The past week has been a struggle for many of our communities. The weather is unpredictable and regardless of the preventive measures we may take, the threat of loss of property and life is overwhelming for most of us. Today, I was discussing the harsh weather with a citizen, and he mentioned how difficult and stressful it must be to work for the City during times like these.
It made me pause.
I think of the City as a professional team. We are the direct result of the community’s desire to make sure that a group of people will look out for us. That is a benefit of living in a community like ours. Whether it is a county, a township, a rural community or a metropolitan area, people live in populated areas with the notion that someone is coming to help if the situation arises.
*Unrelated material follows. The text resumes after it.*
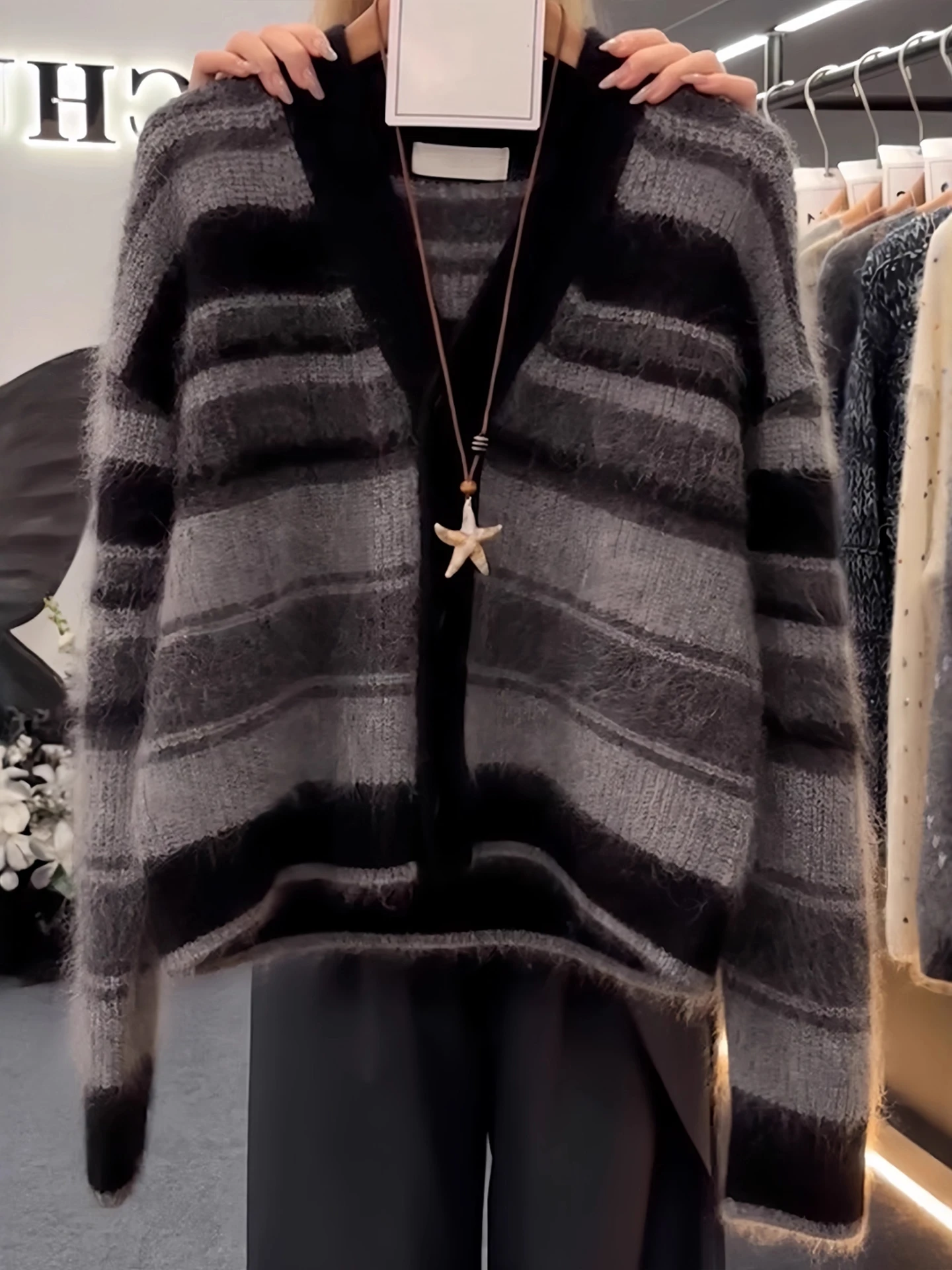 Soft Striped V-Ne Knitted Open Cardigan Sweater Women's Loose Sle Autumn New Lazy Faion High-End Feelings Outerwear
Soft Striped V-Ne Knitted Open Cardigan Sweater Women's Loose Sle Autumn New Lazy Faion High-End Feelings Outerwear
We have a simple rule at the City with regard to emergency management. In times of severe weather, take care of your family first and then report to work so we can take care of the community. I followed this procedure on Monday. The sirens went off around 4:15 pm, before I had left work. We had the staff and citizens in city hall make their way to the basement as we waited for the storm to pass. When the sirens ended, I headed home, made sure my family was safe and calm, and then headed to the Emergency Operations Center.
Here is what I saw.
No less than two dozen emergency vehicles were in the parking lot – and this was not a City event. I headed to the back of the room and took a seat. The incident commanders, led by Crawford Co. Emergency Manager Jason VanBecelaere, were meeting with dozens of city and county fire personnel, police officers, sheriff’s deputies, highway patrol officers, volunteer fire personnel, heavy equipment operators from several agencies, and many others. They were assessing the damage to Langdon Lane and the surrounding area, while also planning the search and rescue effort needed to determine if anyone had been hurt. Simultaneously, they were assessing the possible remaining threat for the evening, sending out communications to the community…and then POOF, they were gone.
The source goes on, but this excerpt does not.